New to the group and new possible Chiari I diagnosis

I've had symptoms for almost three years with no answers. Before that I was a happy and healthy long distance runner. It started with stroke like symptoms and then progressed to cardiac arrhythmia/palpitations, fatigue, brain fog and loss of balance coordination. I also have had ongoing massive head pressure, painful pressure at the base of my skull, headaches, pain in my neck and nerves along the sides and pain in my shoulders. I have muscle weakness and strained vision sometimes double and pain behind my eyes. My balance became so impaired that I started falling into walls when I would walk and I also fall over when I lean down. Leaning down makes me feel like the ground quickly falls out from under me.

I had a brain MRI in Dec. 2011 because my doctor at the time thought I might have a brain tumor. I was told the scan was completely normal.
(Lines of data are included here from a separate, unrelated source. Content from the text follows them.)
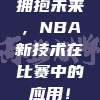 拥抱未来，NBA新技术在比赛中的应用！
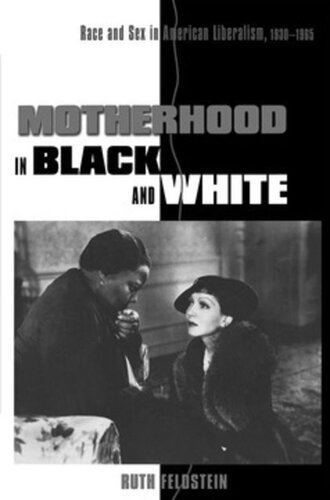 Motherhood In Black And White Race And Sex In American Liberalism 19301965 Ruth Feldstein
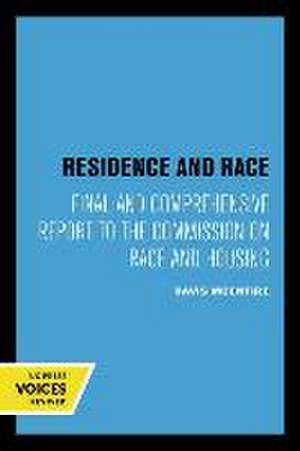 Residence and Race – Final and Comprehensive Report to the Commission on Race and Housing de Davis Mcentire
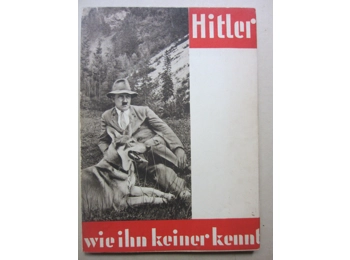 Hitler wie Ihn keiner kennt, the unknown Hitler Heinrich Hoffmann photobook
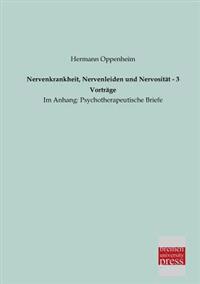 Nervenkrankheit, Nervenleiden Und Nervositat - 3 Vortrage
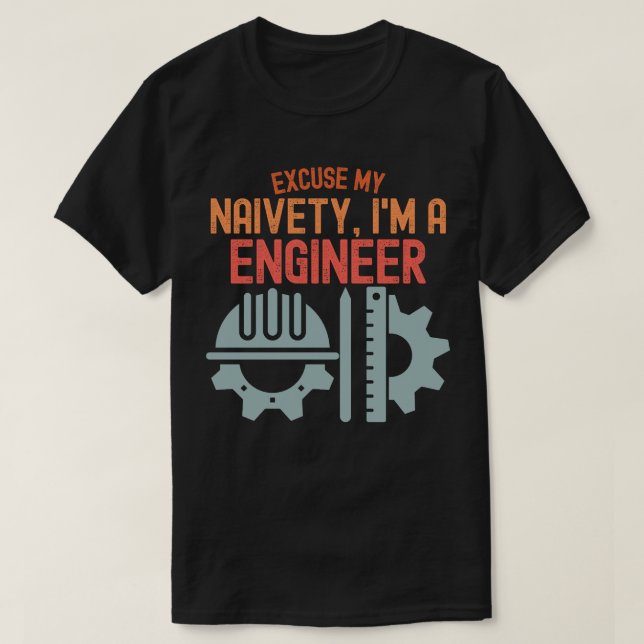 Camiseta Disculpe mi Naiveté, soy ingeniero (Diseño del anverso)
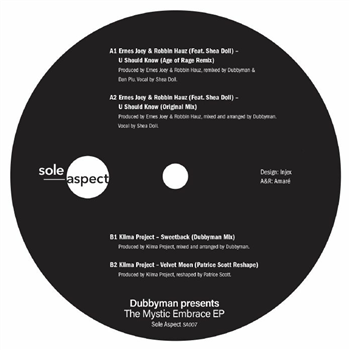 Dubbyman - The Mystic Embrace EP - feat Patrice Scott, Age of Rage mixes - Sole Aspect Dubbyman - The Mystic Embrace EP - feat Patrice Scott, Age of Rage mixes - Sole Aspect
But as symptoms persisted, I had another in Jan. 2013. My general practitioner told me everything was normal other than some disc desiccation in the cervical spine (I also had an MRI of that area due to the neck pain.) Funny thing is that I asked for the report last week and when she sent it to me via email, the radiologist had said that my brain showed 4-5 mm low lying cerebellar tonsils which "are consistent with Chiari I Malformation. Evaluation is advised."

Why would my doctor not have told me that?! Not that you all can answer that question for me (or her) but i'm feeling frustrated. I understand it being insignificant if it was an incidental finding, but I'M SYMPTOMATIC.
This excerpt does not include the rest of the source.